Municipals mostly unchanged; Wisconsin brings $259.68 million of transportation revenue bonds

By Sheri Kasprzak

New York, Feb. 6 - Muni yields were again mostly flat as secondary action was rather uninspired, said traders reached during the session.

"There's very little going on in secondary, especially given how much is being freed to trade," one trader said.

"It's frankly kind of pathetic out there today."

Most of the attention was on the primary market, where the bulk of the week's negotiated deals were pricing, including an offering from the Kentucky Asset/Liability Commission.

Treasury yields continue to rise, however, and with tax-free yields barely moving, municipal-to-Treasury ratios were little changed from last week, said Alan Schankel, managing director with Janney Montgomery Scott LLC.

"The new-issue slate was moderate in size and demand was solid, with several negotiated deals repriced to lower yields."

Wisconsin brings bonds

Among those bonds that repriced to lower yields was the State of Wisconsin's $259.68 million sale of series 2013-1 transportation revenue bonds (Aa2/AA+/AA+).

The yields were "lowered 7 bps in shorter maturities and 3 bps in 10 years compared to initial pricing levels," Schankel said Wednesday.

The bonds are due 2016 and 2018 to 2033 with 4% to 5% coupons.

Goldman Sachs & Co. and Ramirez & Co. Inc. were the senior managers.

Proceeds will finance state transportation and highway projects.

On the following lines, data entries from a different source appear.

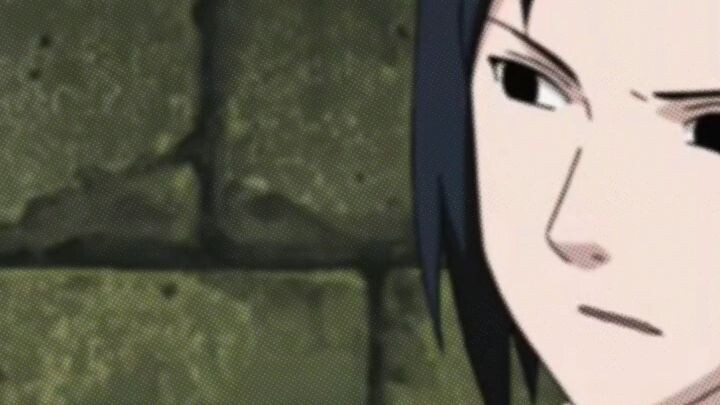 Sasuke pake pelet apa ya? sampe karin klepek'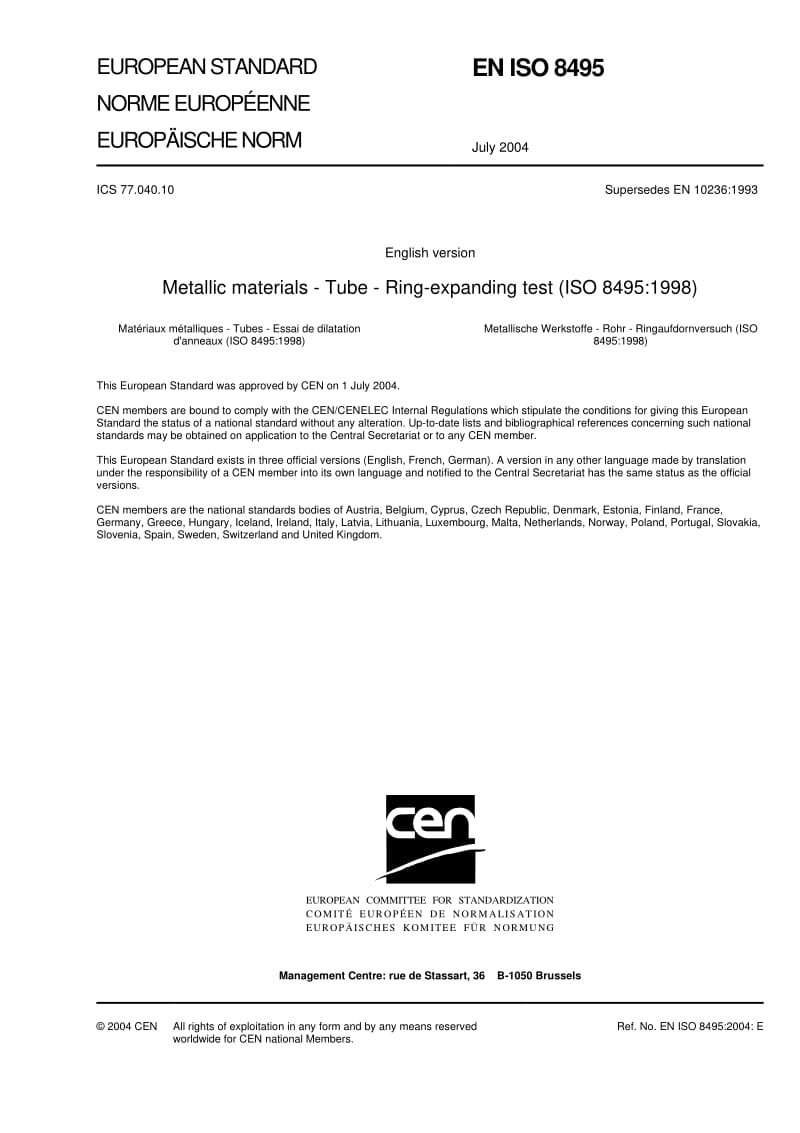 BS-EN-ISO-8495-2004.pdf_第3页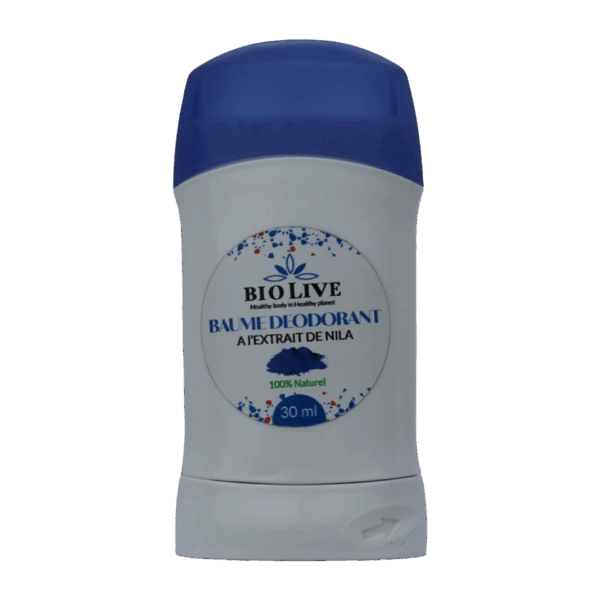 Baume déodorant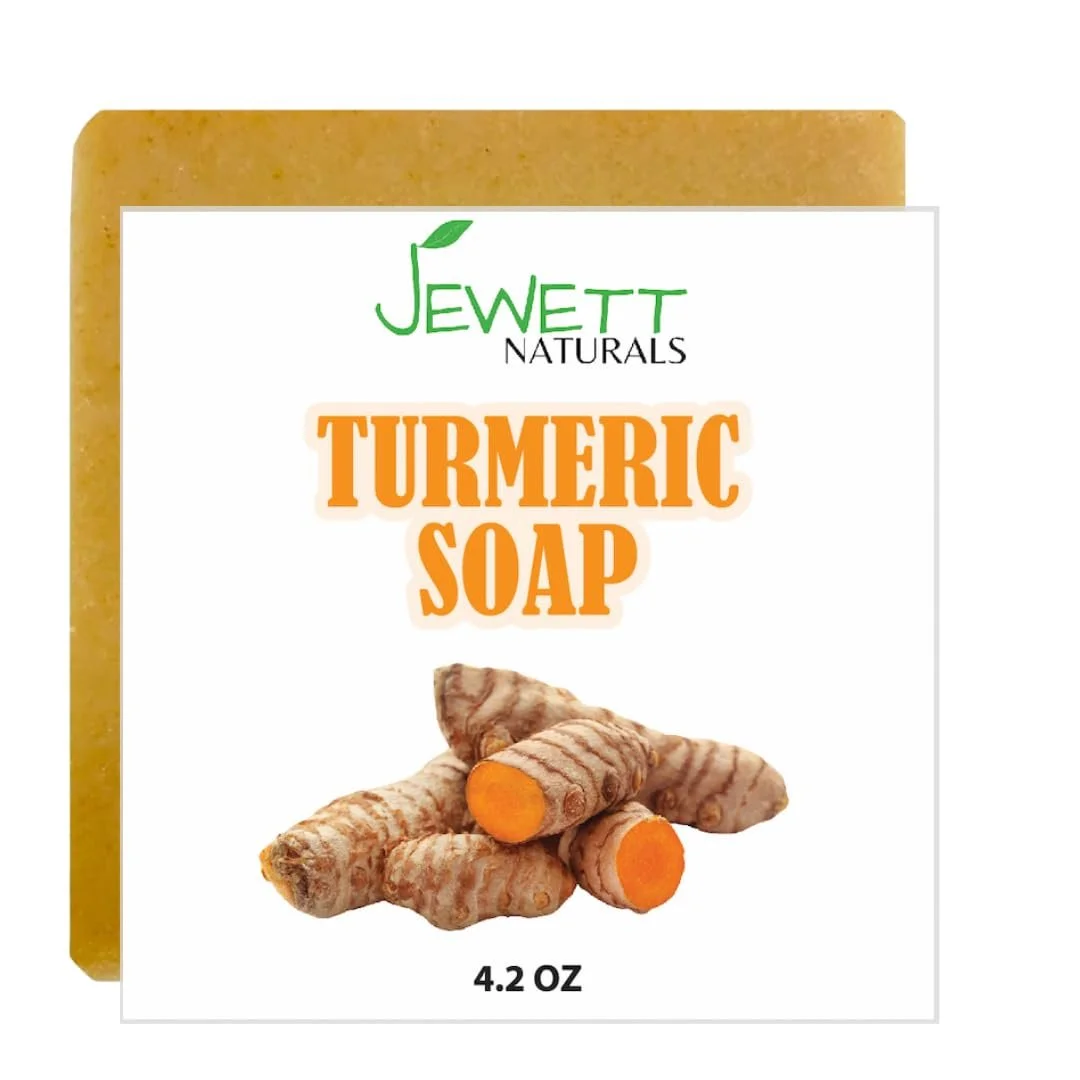 Turmeric Bar Soap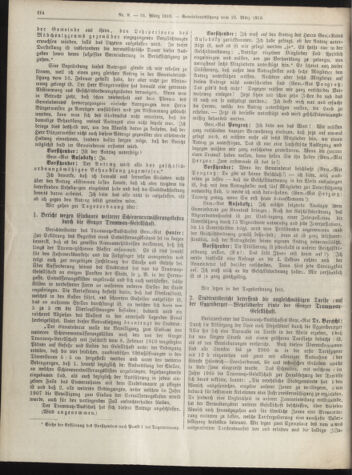 Amtsblatt der landesfürstlichen Hauptstadt Graz 19100331 Seite: 4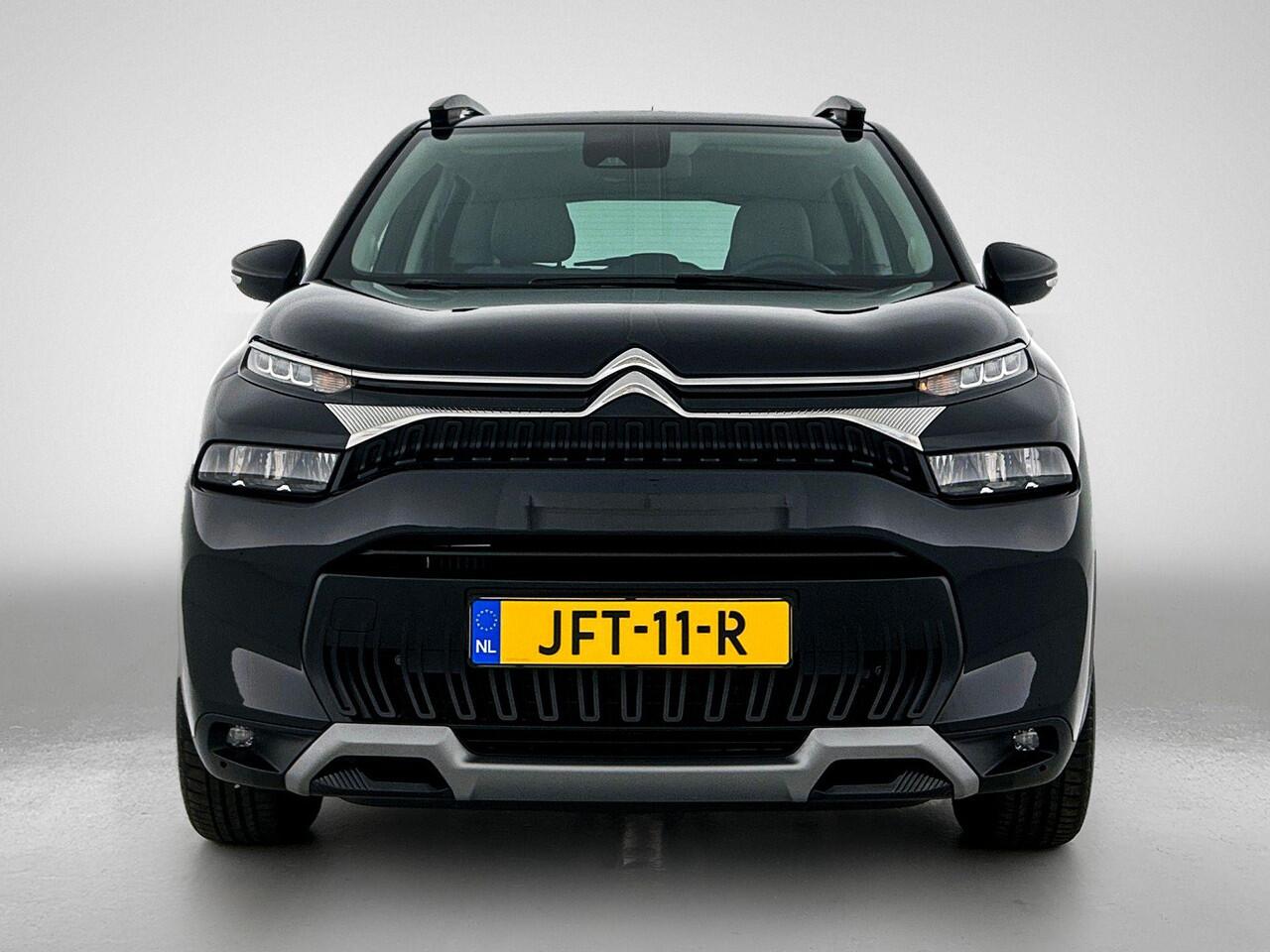 Citroen C3 Aircross 1.2 PureTech Plus CARPLAY | STOF-LEDER | NAVI | CRUISE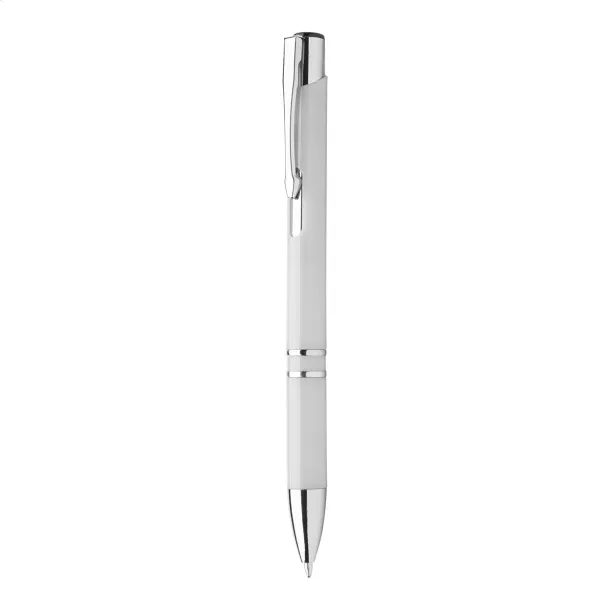 Ponnel ballpoint pen White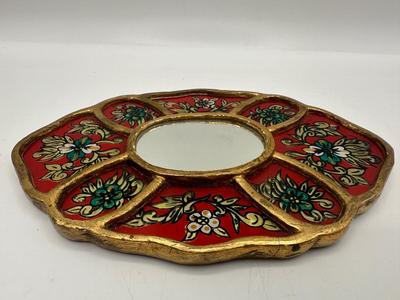 Small Decorative Wall Mirror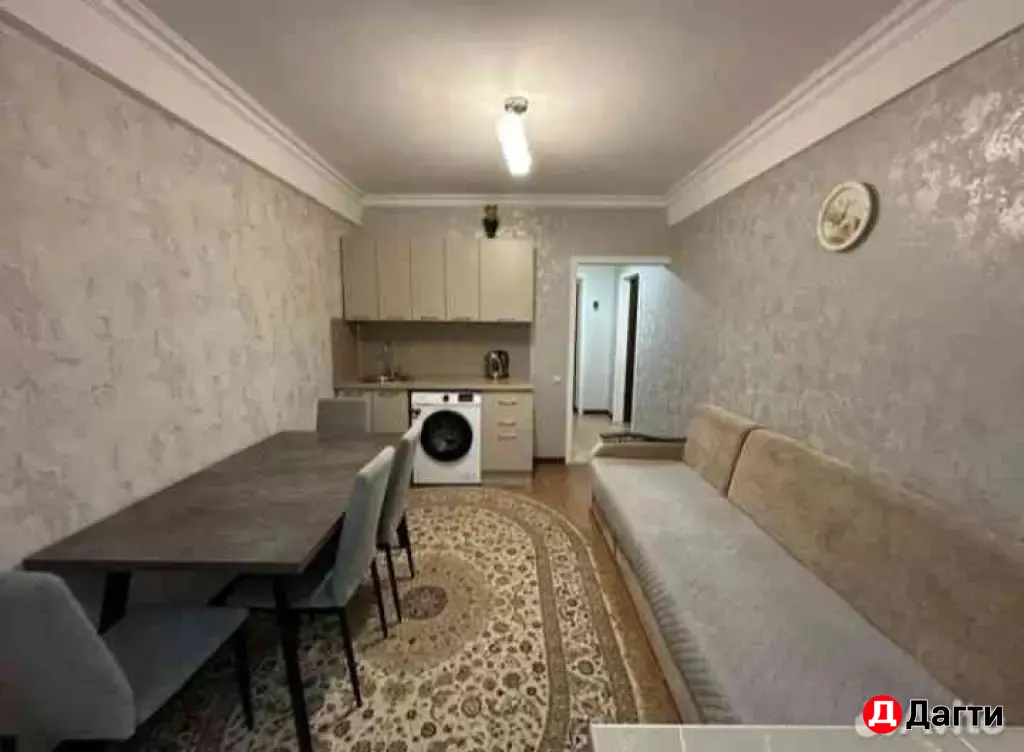 1-к квартира, 45 м², 3/10 эт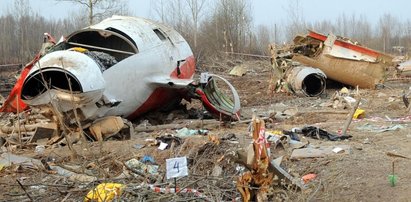 A jednak wybuch. To będą lansować w rocznicę Smoleńska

Kentucky Asset deal prices

In other primary action, the Kentucky Asset/Liability Commission sold $153.29 million of series 2013 taxable general fund first series funding notes, said a pricing sheet.

The bonds (Aa3/A+/A+) were sold through Morgan Stanley & Co. LLC.

The bonds are due 2014 to 2023 with 0.654% to 2.998% coupons, all priced at par.

Proceeds will be used to fund an obligation to the Teachers' Retirement System of Kentucky.

Moody's lifts San Francisco

Moving to ratings news, Moody's Investors Service lifted San Francisco's rating to Aa1 from Aa2.

"The rating agency cited a large tax base, wealthy populace, recovering housing market and strong fiscal position," Schankel said.

"Unlike some other areas of the state, San Francisco was minimally impacted by falling real estate values during the recession."

Moody's also upgraded Ventura County to Aa1 from Aa2.

"In addition to a stable property tax base, the county was cited as having an exceptional record of sound financial management through the economic downturn," Schankel said.